Prisoners detailed to the researchers how “easy” it was to be recalled, with simply missing a probation appointment, often enough to be sent back to jail.
One inmate, a daily Spice user, told researchers:
“… I’d not go [to my] probation [appointment] and come in and get paid £1,000 for coming in, you know what I mean, you get paid £1,000 for coming in full of Mamba for 2 week… I’d probably come back if someone offered me £1,000, if I needed it, that’s a down payment for a house that, you know what I mean? You don’t get that off no one else for cheap, unless I go out robbing, you know what I mean? It would be the safest fucking way coming back in here, just passing it on and think ‘Right, well I’ve been paid, two weeks and I’ll go home’. Madness!”
The report detailed how psychoactive legal highs had “swept though the prison system with devastating effects” for mental health, violent behaviour, physical wellbeing and offender rehabilitation.
Harmful effects include extreme violence, psychosis, addiction, self-harm and suicidal thoughts, researchers said.
The report also detailed other methods used to smuggle the substance into prisons, including the use of drones and spraying a liquid version of Spice on to children’s drawings.
Researchers said the impact of legal highs on the prison system had been outlined in previous HM Inspectorate of Prisons reports, which had linked its use with a surge in serious assaults, self-harm and suicides.
“The potency and addictiveness have been compared to heroin, violent incidents have increased, and they wreak harm on prisoners’ mental and physical health,” Ralphs said.
Despite the surge in use of undetectable legal highs, the Ministry of Justice has proposed expanding drug testing programmes which researchers say is the wrong approach. They want the Ministry of Justice to focus on harm reduction and education.
Ralphs said: “Drug testing policies should be reviewed. The introduction of testing for drugs such as cannabis in 1996 has led to 20 years of more problematic drug use. Firstly heroin and more recently the desire to avoid positive drug tests has fuelled the demand for synthetic cannabinoids.

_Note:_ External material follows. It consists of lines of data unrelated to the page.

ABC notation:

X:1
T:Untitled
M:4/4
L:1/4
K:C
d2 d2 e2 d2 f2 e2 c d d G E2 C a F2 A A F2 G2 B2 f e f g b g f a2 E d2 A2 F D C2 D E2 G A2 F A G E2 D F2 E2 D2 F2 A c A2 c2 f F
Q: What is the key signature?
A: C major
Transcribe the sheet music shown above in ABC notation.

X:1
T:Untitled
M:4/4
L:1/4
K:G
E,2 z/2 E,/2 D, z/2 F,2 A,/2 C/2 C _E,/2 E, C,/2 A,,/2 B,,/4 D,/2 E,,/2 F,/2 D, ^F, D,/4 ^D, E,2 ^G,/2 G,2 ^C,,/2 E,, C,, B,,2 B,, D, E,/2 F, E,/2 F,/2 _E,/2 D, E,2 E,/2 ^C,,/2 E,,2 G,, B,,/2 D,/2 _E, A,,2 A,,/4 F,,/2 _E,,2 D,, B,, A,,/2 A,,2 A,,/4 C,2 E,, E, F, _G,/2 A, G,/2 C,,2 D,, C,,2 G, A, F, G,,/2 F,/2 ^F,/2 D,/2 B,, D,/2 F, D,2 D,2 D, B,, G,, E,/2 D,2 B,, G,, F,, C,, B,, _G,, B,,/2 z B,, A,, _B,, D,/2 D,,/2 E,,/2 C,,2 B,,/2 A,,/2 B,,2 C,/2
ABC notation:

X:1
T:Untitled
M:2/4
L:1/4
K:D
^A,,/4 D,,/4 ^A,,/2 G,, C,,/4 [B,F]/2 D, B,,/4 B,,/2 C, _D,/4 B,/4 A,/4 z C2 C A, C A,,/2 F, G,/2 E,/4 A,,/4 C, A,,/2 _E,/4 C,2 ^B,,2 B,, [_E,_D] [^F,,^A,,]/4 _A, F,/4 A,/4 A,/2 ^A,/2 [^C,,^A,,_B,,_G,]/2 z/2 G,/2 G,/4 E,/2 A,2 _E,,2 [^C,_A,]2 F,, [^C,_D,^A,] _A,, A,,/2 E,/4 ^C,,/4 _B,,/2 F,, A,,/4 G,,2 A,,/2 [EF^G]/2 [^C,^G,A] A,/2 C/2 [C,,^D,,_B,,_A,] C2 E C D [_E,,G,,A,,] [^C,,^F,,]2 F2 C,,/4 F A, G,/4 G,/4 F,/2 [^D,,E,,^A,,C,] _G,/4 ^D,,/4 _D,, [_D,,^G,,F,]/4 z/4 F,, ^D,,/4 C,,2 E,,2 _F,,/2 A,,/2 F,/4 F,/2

“With so many strains, developing accurate mandatory drug testing is expensive and flawed. We recommend diverting money wasted on drug testing into prisoner education and training and staffing.”
The European Monitoring Centre for Drugs and Drug Addiction recently identified 160 new strains of synthetic cannabinoids since the original variant, Spice, was banned in 2009. Spice was among a raft of legal highs to be banned under the Psychoactive Substances Act which came into force in May.
Ralphs said inmates had told researchers that “boredom” was the main reason for taking synthetic cannabinoids, followed by a desire to avoid detection.